I think I’m kind of in love with Queen Elizabeth II. She’s just always so on.
This weekend it was for Trooping the Colour, the annual celebration of her birthday. (She turned 87 in April, but they wisely wait for better weather to trot out the troops.)
Footmen, bearskin hats, the whole nine yards.
Trooping the Colour dates back to the early 1700s, “when the colours (flags) of the battalion were carried (or ‘trooped’) down the ranks so that they could be seen and recognised by the soldiers.” The Queen receives a royal salute, and then everyone marches around like mad.
Line ’em up, boys!
The Queen’s daughter, Princess Anne, looked totally in her element. She turns 63 this year.
It’s a family affair, of course. Prince Andrew (fourth from left, now 53) went for the civilian look.
Speaking of those bearskin hats on the Foot Guards: yes, they’re real bearskins.
The 18-inch-tall bearskins worn by the Foot Guards are made of real bearskin from Canadian brown bears and wear 1.5 pounds. The bearskins were first worn by British soldiers in 1815, following the defeat of Napoleon’s French Imperial Guards at the battle of Waterloo. The French grenadiers wore bearskins to appear taller and more intimidating, and Britain adopted the towering fur hats for soldiers in ceremonial duties and guarding royal residences as a symbol of its victory.For many years the Ministry of Defence and the British Army have tried to find a synthetic alternative to the fur. As yet, no acceptable alternative to the fur has been found.

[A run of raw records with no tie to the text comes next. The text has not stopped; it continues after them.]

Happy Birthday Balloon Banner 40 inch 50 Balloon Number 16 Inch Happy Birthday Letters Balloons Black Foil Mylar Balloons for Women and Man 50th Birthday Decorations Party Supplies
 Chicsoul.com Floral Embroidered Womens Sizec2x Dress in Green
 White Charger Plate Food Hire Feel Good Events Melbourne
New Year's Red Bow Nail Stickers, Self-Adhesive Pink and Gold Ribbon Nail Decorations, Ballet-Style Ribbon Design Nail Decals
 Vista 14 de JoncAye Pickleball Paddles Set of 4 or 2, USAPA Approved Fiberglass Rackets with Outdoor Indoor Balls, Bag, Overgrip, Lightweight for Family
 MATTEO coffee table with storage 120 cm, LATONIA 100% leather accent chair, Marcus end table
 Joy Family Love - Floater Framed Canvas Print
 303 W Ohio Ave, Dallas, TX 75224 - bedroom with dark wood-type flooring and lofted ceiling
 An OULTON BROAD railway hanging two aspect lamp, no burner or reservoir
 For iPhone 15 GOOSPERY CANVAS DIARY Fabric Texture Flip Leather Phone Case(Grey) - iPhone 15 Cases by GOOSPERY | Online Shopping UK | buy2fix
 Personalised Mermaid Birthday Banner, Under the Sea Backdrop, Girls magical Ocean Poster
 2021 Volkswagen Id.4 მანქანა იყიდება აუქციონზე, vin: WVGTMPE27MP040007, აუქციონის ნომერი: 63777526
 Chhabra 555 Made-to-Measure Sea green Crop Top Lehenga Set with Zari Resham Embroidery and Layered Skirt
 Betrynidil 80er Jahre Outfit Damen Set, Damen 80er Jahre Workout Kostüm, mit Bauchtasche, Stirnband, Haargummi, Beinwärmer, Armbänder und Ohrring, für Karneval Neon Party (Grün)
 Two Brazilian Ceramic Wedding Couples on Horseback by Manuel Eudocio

Experiments with nylon and dyed sheepskin have left the caps bedraggled and untidy, soaked by rain, sticking up in the wrong places and fading in colour.
“Bear fur has a fine layer underneath that keeps the warmth, and a coarse layer on top that keeps the water out. With false fur fabrics, it absorbs the water and if you’ve got one of those on you’re carrying around extra pounds of fluid.”